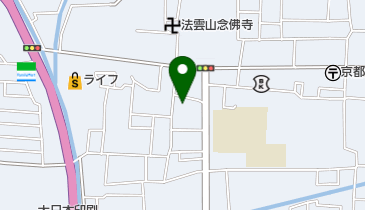 加藤ガレージの地図画像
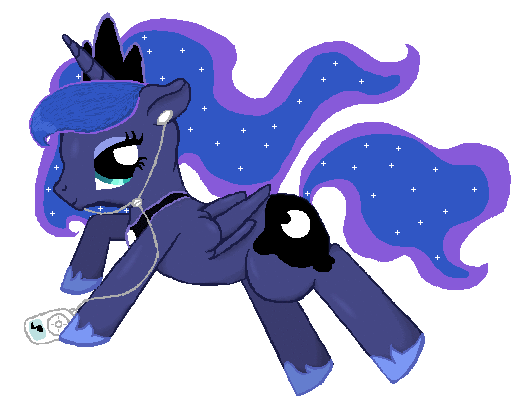 Gamer Luna by Star  Sprout on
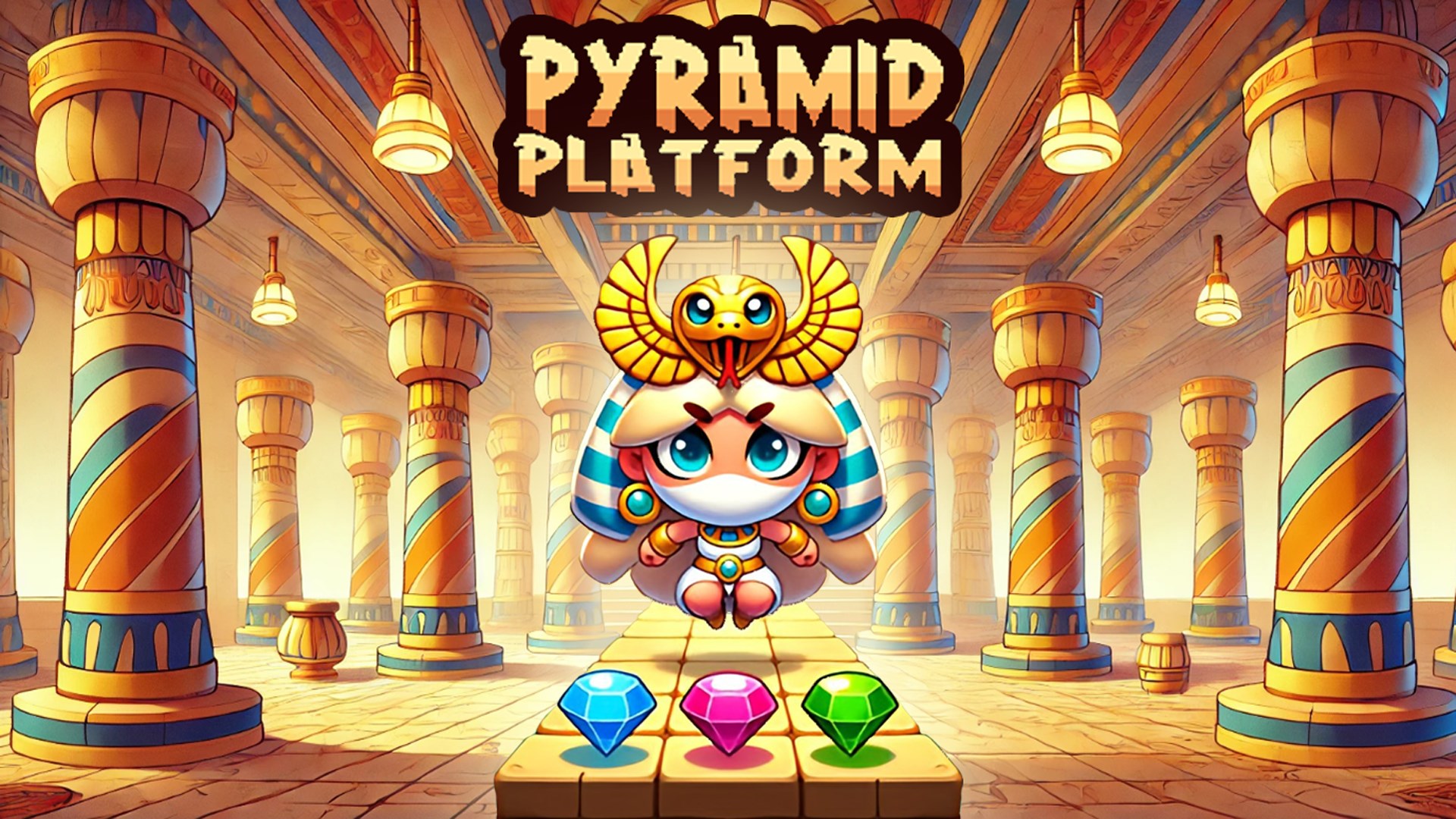 Bundle - Pyramid Platformer - The Gem Heist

Exercise prompt: Give back all the data exactly, minus pictures.

Exercise result:
 加藤ガレージの地図画像
 Gamer Luna by Star  Sprout on
 Bundle - Pyramid Platformer - The Gem Heist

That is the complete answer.